:: Entries supplied ::

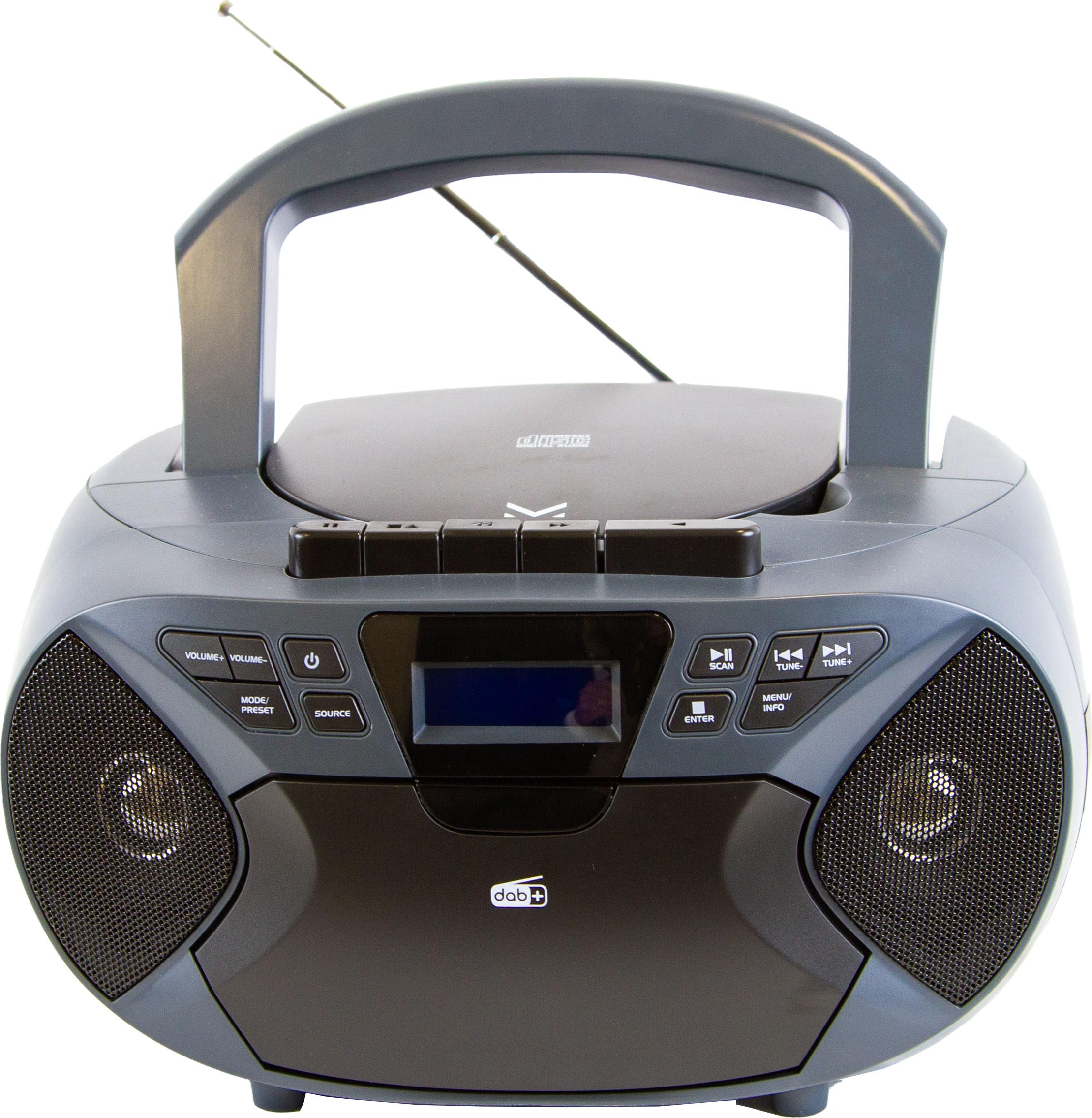 Majestic AH 2430 DAB - Boom Box Portatile Lettore CD, Radio DAB e FM, Riproduttore cassette, Ingresso AUX-IN, Nero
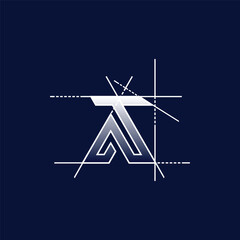 A sleek, minimal monogram logo design featuring the letters A and T with precision construction lines. Ideal for architects, engineering firms, construction branding, or professional identity.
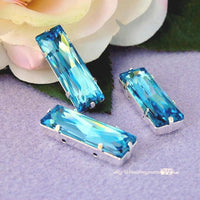 Aquamarine Swarovski Crystal, 1Pc Princess Brooch, 30x10 4547 With Setting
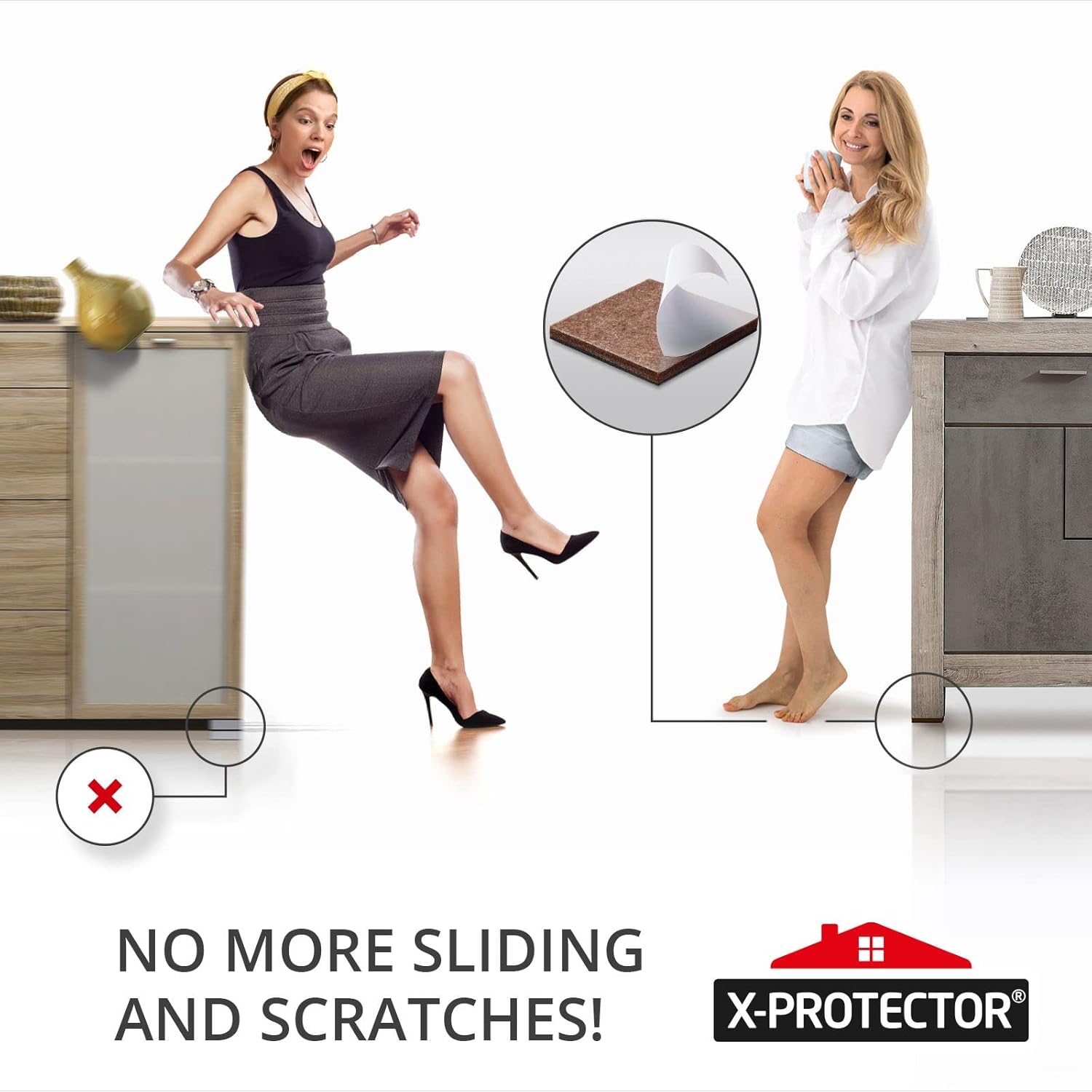 36-Pack X-PROTECTOR Non-Slip Furniture Pads - Self-Adhesive Rubber Grippers for Furniture Feet - Non-Skid Floor Protectors - 16 2", 12 3", 8 4" Pads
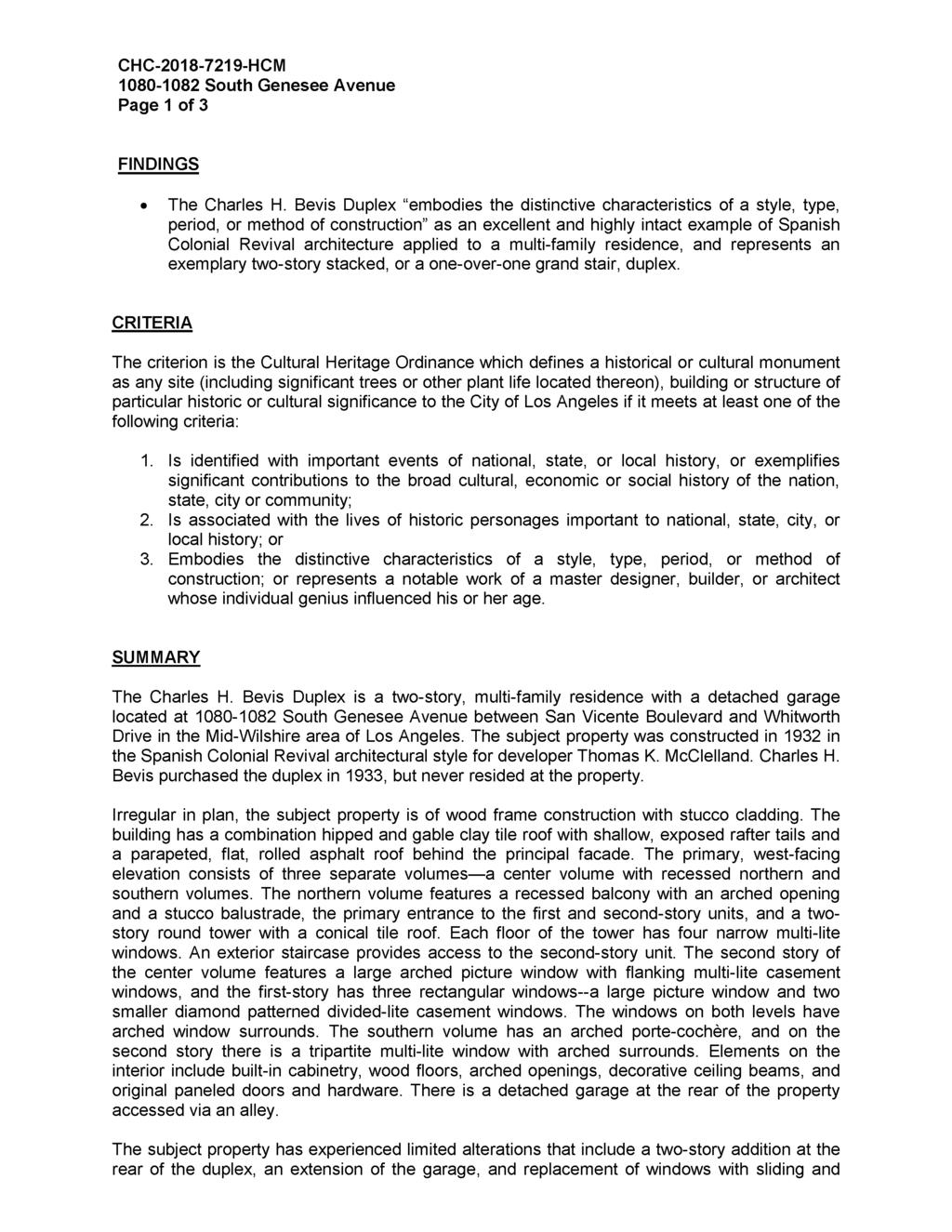 Page 1 of 3 FINDINGS The Charles H.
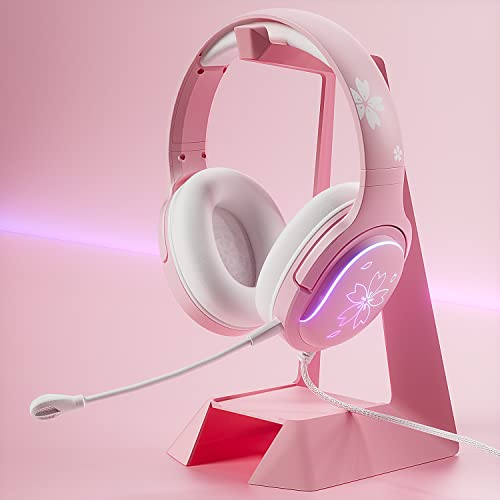 Mytrix Sakura Pink Cherry Blossoms Gaming-Headset, 360° drehbares Mikrofon, weicher Ohrenschützer-Kopfhörer für PS4, PS5, Xbox, PC & MAC, Schalter, RGB-Farbverlauf-Lichteffekt Bild 7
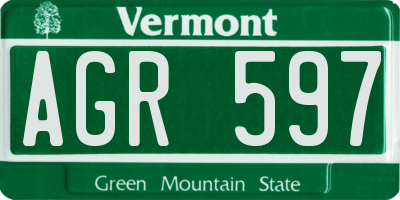 VT license plate AGR597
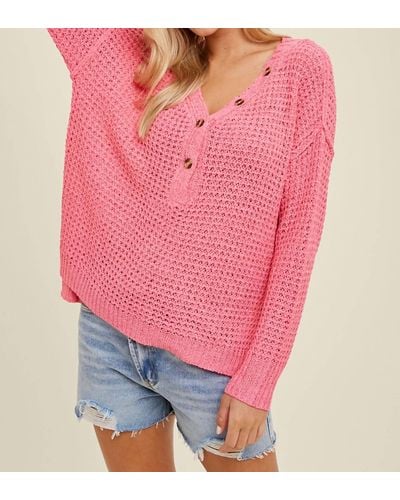 Wishlist Waffle Pullover Sweater - Pink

:: About this exercise ::
Set out, exactly as given, the line that contains "36-Pack X-PROTECTOR Non-Slip" along with each line after it through the end of the records above; omit the pictures.

:: Task response ::
 36-Pack X-PROTECTOR Non-Slip Furniture Pads - Self-Adhesive Rubber Grippers for Furniture Feet - Non-Skid Floor Protectors - 16 2", 12 3", 8 4" Pads
 Page 1 of 3 FINDINGS The Charles H.
 Mytrix Sakura Pink Cherry Blossoms Gaming-Headset, 360° drehbares Mikrofon, weicher Ohrenschützer-Kopfhörer für PS4, PS5, Xbox, PC & MAC, Schalter, RGB-Farbverlauf-Lichteffekt Bild 7
 VT license plate AGR597
 Wishlist Waffle Pullover Sweater - Pink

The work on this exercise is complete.